● **WHAT IS NEEDED**:
Only the lines from the one containing "Toyota Camry 2014 immagine di auto #2" through the end of the listing below belong in your answer; retype them exactly.
——
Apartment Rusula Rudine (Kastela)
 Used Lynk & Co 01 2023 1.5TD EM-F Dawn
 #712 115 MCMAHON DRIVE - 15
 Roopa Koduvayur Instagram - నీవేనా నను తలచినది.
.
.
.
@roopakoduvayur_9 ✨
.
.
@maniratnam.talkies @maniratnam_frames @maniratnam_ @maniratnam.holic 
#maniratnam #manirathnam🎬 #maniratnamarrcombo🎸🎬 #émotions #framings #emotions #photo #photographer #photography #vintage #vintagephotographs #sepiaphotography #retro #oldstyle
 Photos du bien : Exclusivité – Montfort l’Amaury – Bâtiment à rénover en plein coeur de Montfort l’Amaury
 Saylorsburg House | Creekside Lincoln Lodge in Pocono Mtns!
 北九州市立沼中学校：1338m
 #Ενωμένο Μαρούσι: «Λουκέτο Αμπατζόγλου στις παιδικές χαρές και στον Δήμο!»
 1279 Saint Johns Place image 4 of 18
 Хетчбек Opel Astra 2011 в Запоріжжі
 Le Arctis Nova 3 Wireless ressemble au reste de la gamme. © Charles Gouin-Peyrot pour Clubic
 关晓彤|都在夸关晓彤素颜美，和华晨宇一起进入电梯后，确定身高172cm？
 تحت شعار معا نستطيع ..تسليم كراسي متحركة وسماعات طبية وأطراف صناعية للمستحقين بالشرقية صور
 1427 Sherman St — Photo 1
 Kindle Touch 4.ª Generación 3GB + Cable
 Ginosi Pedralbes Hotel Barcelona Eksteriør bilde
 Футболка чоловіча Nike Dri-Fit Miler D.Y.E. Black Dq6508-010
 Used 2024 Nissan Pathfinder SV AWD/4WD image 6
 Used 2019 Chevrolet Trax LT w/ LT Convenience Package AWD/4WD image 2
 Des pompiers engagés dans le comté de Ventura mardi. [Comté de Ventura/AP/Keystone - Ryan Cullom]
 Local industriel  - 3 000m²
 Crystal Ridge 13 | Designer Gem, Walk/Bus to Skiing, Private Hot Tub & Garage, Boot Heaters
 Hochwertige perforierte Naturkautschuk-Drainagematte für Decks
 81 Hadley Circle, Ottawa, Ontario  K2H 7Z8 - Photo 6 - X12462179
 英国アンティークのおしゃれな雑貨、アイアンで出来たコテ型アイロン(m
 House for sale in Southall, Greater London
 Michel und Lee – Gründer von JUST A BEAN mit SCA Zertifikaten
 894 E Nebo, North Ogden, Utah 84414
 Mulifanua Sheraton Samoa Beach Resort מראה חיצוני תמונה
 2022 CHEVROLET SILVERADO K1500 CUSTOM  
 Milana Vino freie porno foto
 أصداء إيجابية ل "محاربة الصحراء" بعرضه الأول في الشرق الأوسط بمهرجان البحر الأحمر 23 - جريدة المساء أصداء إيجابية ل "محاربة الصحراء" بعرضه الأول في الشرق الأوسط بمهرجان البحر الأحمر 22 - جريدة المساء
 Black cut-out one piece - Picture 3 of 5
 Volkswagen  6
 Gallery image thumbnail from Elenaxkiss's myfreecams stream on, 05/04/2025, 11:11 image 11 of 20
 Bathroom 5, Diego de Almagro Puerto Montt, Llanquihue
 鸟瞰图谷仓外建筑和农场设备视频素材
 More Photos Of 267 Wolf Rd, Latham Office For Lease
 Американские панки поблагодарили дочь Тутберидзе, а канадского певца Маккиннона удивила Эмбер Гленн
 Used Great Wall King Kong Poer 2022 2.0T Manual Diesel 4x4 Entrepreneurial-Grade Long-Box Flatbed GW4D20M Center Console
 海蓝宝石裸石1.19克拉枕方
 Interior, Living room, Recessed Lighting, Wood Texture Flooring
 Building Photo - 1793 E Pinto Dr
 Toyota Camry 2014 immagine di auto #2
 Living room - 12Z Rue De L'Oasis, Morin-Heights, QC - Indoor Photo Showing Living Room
——
● **SOLUTION TO THIS TASK**:
 Toyota Camry 2014 immagine di auto #2
 Living room - 12Z Rue De L'Oasis, Morin-Heights, QC - Indoor Photo Showing Living Room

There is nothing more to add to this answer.